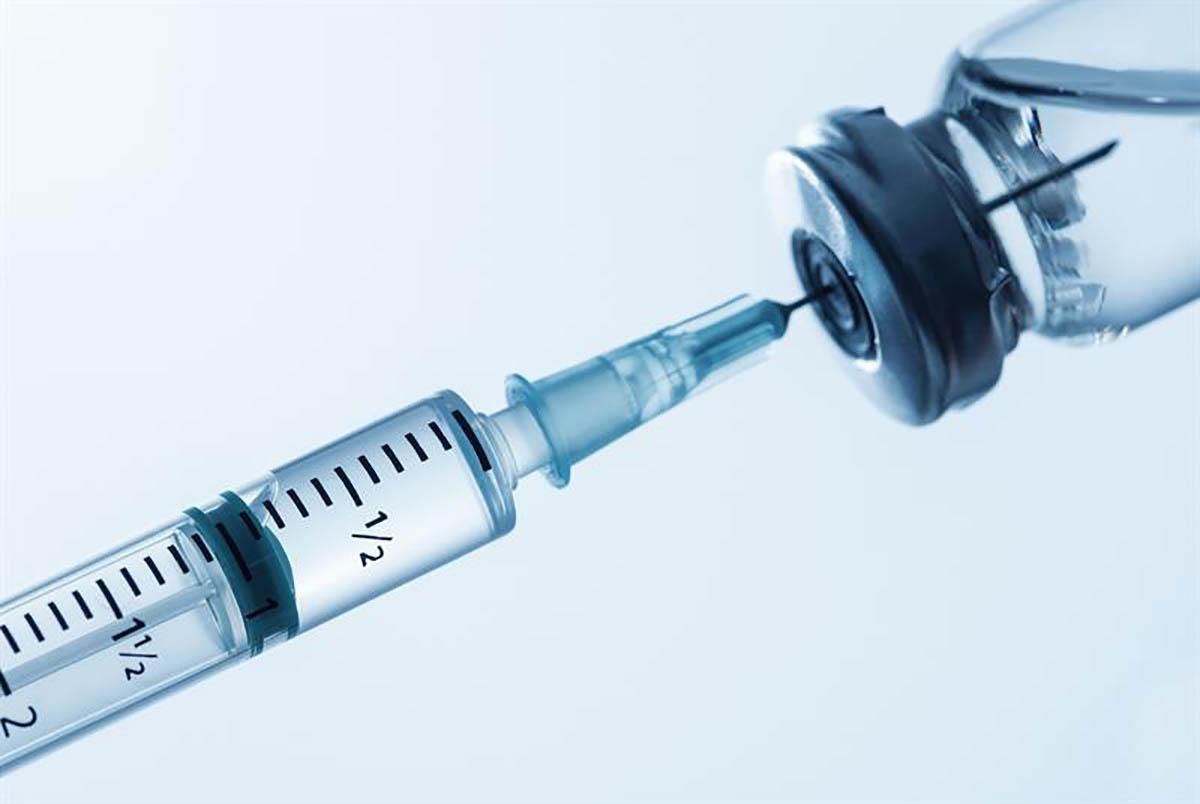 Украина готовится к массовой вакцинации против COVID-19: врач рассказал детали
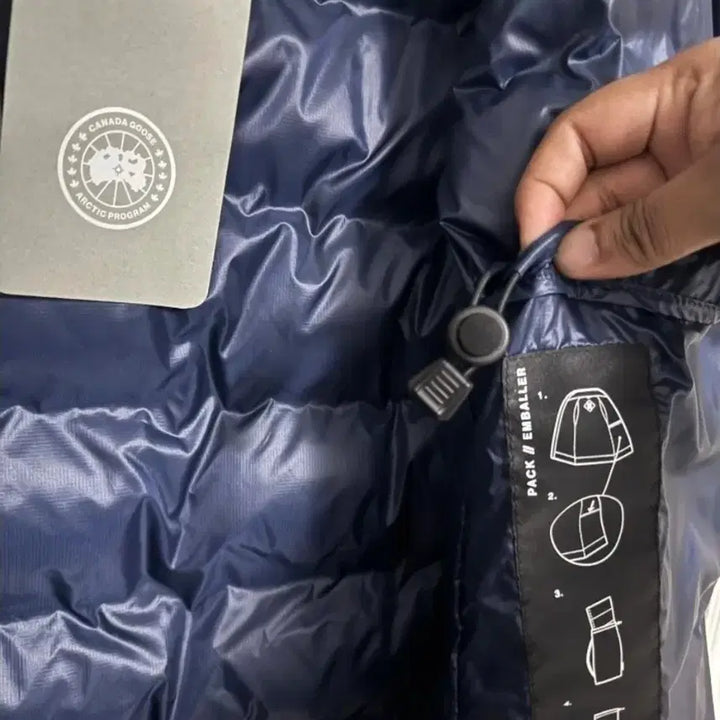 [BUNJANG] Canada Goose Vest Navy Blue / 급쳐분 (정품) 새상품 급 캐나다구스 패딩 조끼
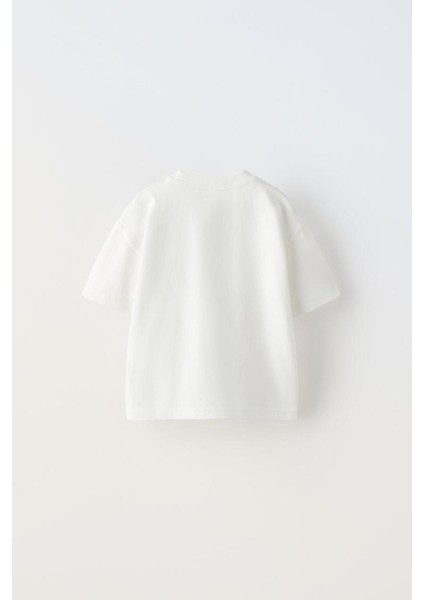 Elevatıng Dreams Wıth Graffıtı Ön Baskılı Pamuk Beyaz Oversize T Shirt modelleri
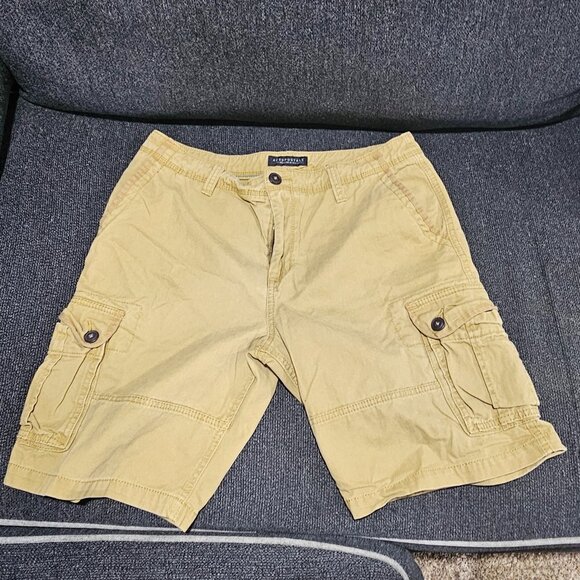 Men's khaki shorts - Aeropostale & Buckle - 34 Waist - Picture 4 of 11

--

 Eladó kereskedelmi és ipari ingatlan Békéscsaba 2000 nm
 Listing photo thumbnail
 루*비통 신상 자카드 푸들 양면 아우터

--

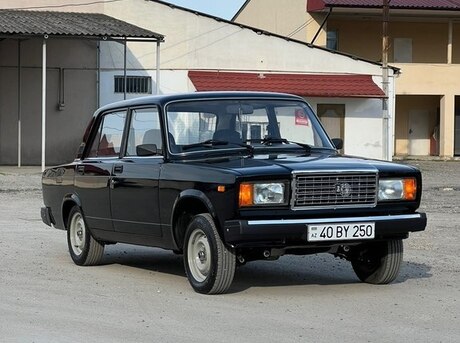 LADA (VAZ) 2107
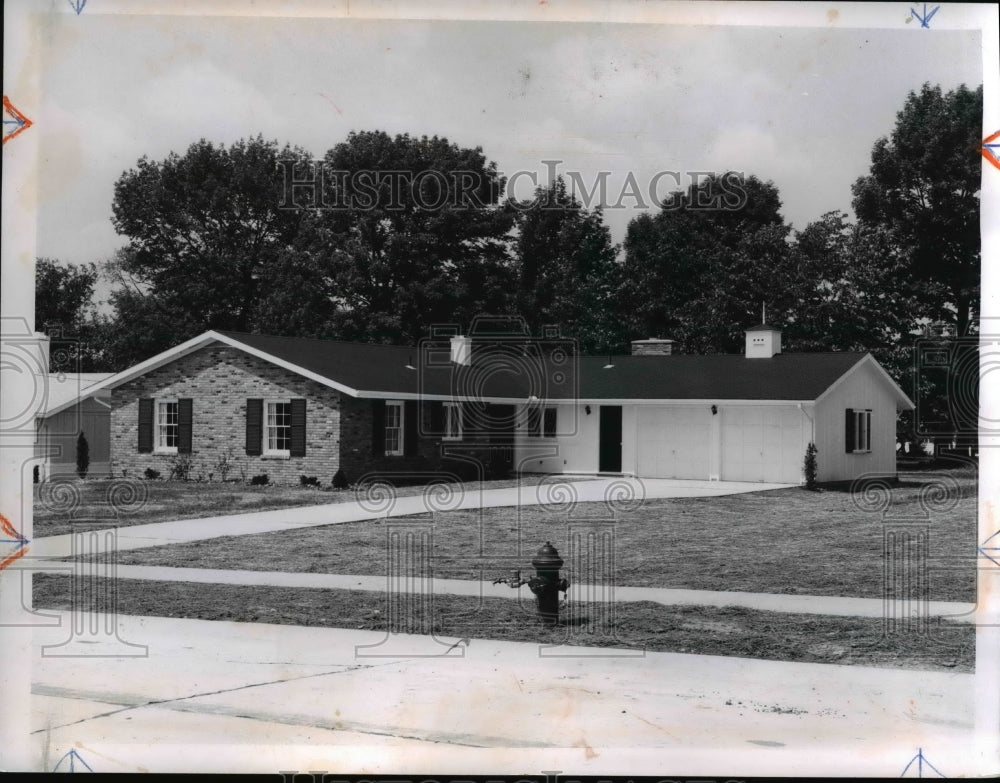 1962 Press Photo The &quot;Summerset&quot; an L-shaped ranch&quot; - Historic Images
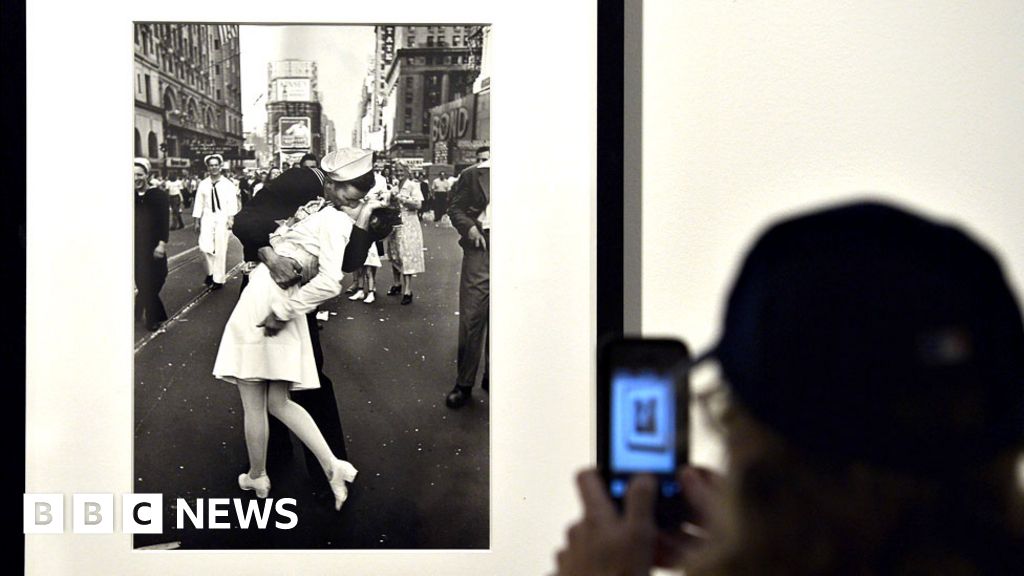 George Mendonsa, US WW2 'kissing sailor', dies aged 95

Exercise aim —
Give exactly the lines above that run from the line with "Украина готовится к" to the line with "Men's khaki shorts", both included, leaving every picture out.

Final answer —
 Украина готовится к массовой вакцинации против COVID-19: врач рассказал детали
 [BUNJANG] Canada Goose Vest Navy Blue / 급쳐분 (정품) 새상품 급 캐나다구스 패딩 조끼
 Elevatıng Dreams Wıth Graffıtı Ön Baskılı Pamuk Beyaz Oversize T Shirt modelleri
 Men's khaki shorts - Aeropostale & Buckle - 34 Waist - Picture 4 of 11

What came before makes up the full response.